Equity Sector Rotation
Equity sectors are sources of alpha primarily for strategic asset allocation managers. They seek timely shifts between low, high and negative beta exposure through varied sector and/or asset class weightings (on a long-only or on a long/short basis). Before executing a strategy, it helps investors to group equity sectors into offense and defense categories.
To sort things out, we quantify three sources of beta. Our methodology quantifies the past relationship of equity sector performance to market, economic and credit trends. Doing so aids in the evaluation of current sector performance relative to historic trends. A quantitative process limits human bias that interferes with the execution of a money manager's investment thesis. A composite beta score for sector exposures also aids managers in their asset allocation and risk management objectives.
Figure 1 displays the Dow Jones (DJ) Sector Legend for the DJ Total Market Index (DJTMI) and its constituent economic sectors. Here we find the DJTMI, DJ sectors and their respective iShares ETFs, offense (high beta) and defense (low beta). Composite betas for offense and defense (top of columns 4 and 5) result from equally weighting the five highest and five lowest beta scores for the 10 DJ sectors.
Offense holds sector ETFs with the five highest betas. They range from 11.2 (ranked #1) to 6.6 (#5). Defense includes the ETFs ranked #6 to #10, which are the least to the most defensive sectors. They range from 4.4 (#6) to 0.2 (#10). Beta rankings result from the sum of each ETF's market beta (A=DJTMI) + economic beta (B=RGNP)3 + credit risk beta (C= sensitivity to interest rate differentials between high- and low-quality debt). Each sector carries a different market, economic and credit beta. These are the most relevant factors for grouping industry sectors into offense and defense. Rankings are dependent on the factors employed and scoring methods (alternatives to A+B+C).
Based on this process, technology is the most offensive sector (ranked #1) while health care is the most defensive sector (#10). The former scores 11.2 while the later 0.2. Sector scores in column 8 are the sum of columns A+B+C. Group averages are 7.7 for Offense and 2.0 for Defense (see top of columns 4 and 5). Offensive ETFs are nearly four times more sensitive to our factors as defensive ETFs and 1.6 times more sensitive than the market (IYY).

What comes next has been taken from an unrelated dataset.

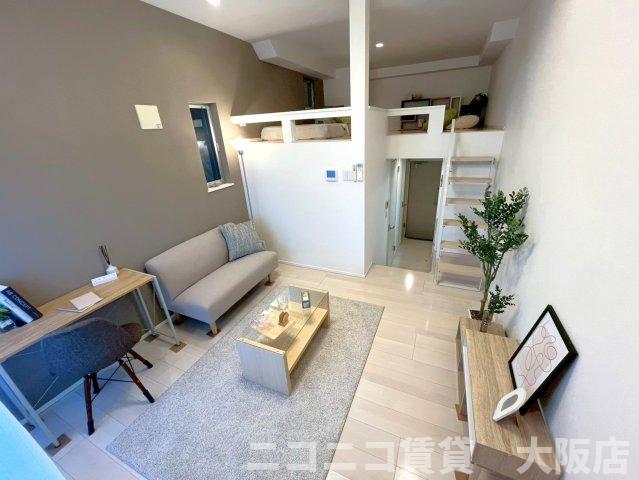 居室・リビング　CG画像です。家具家電付きではありません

Figure 1. Dow Jones Sector Legend
Beta scores are purely driving seven sector weights, these being technology, basic materials and utilities that are underweighted; health care and consumer goods, which are overweighted; and the industrial and consumer service sectors, which are neutral weight. In addition, special valuation considerations are employed in relation to the financial, energy and telecom sectors.

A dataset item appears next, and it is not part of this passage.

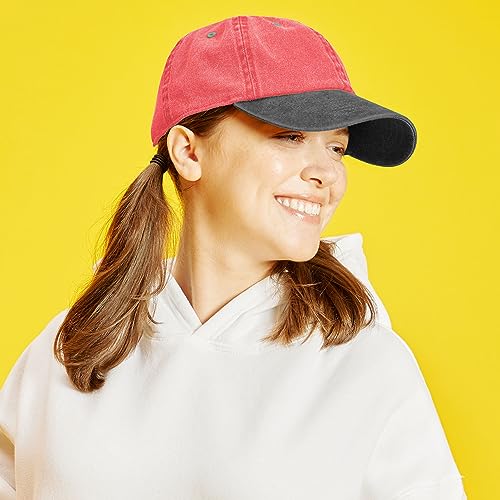 Image of The Hat Depot 100% Cotton Pigment Dyed Low Profile Dad Hat Six Panel Cap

1 Defensive rotations to DVY and OEF occur when the S&P 500's 50-day moving price average (DMA) falls below the S&P's 200 DMA. Rotations result in selling 40% of a core equity position (SPY or RSP) and then allocating the proceeds to DVY and OEF. 60% is invested in DVY and 40% to OEF. This results in allocations of 60% to core equity, 24% to DVY and 16% to OEF (SPY + Defense and SPXEW + Defense).

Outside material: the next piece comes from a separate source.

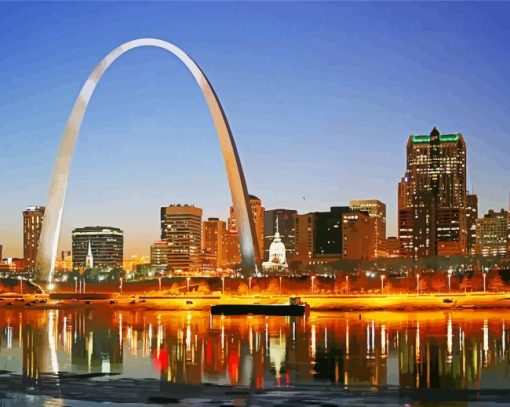 St Louis City Missouri Paint by numbers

2 Beta is a statistical metric that measures how sensitive a security, portfolio or asset class is to price movements of a broad market index. Betas less than 1.0 move less while betas greater than 1.0 vary more than a specific index.
3 Real gross national product (RGNP) is a more sensitive measure for evaluating economic sector performance than nominal or real gross domestic product.